Let $f: D \to \C$ be a continuous complex function, where $D$ is a connected domain.

Let $z_0 \in D$.


Suppose that $\ds \oint_C \map f z \rd z = 0$ for all closed staircase contours $C$ in $D$.


Then $f$ has a primitive $F: D \to \C$ defined by:

$\ds \map F w = \int_{C_w} \map f z \rd z$

where $C_w$ is any staircase contour in $D$ with start point $z_0$ and end point $w$.


Proof

From Connected Domain is Connected by Staircase Contours, it follows that there exists a staircase contour $C_w$ in $D$ with start point $z_0$ and end point $w$.

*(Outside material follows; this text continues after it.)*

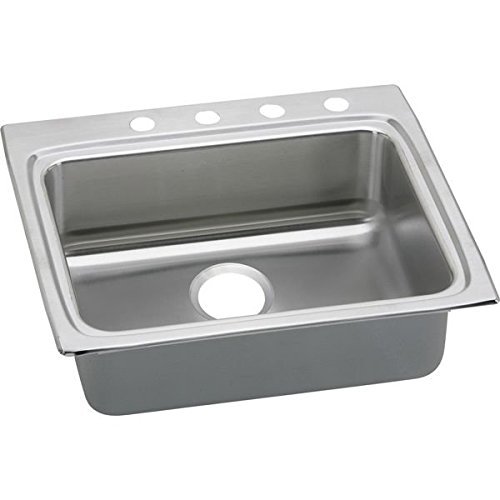 Elkay LRAD2522501 1-Hole Gourmet 22-Inch x 25-Inch Single Basin Drop-Inch Stainless Steel Kitchen Sink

If $C_w'$ is another staircase contour with the same endpoints as $C_w$, then $C_w' \cup \paren {-C_w}$ is a closed staircase contour.

Then the definition of $F$ is independent of the choice of contour, as:

\(\ds \int_{C_w} \map f z \rd z\) \(=\) \(\ds \int_{C_w} \map f z \rd z + \int_{C_w' \cup \paren {-C_w} } \map f z \rd z\) by assumption
\(\ds \) \(=\) \(\ds \int_{C_w} \map f z \rd z + \int_{C_w'} \map f z \rd z + \int_{-C_w} \map f z \rd z\) Contour Integral of Concatenation of Contours
\(\ds \) \(=\) \(\ds \int_{C_w} \map f z \rd z + \int_{C_w'} \map f z \rd z - \int_{C_w} \map f z \rd z\) Contour Integral along Reversed Contour
\(\ds \) \(=\) \(\ds \int_{C_w'} \map f z \rd z\)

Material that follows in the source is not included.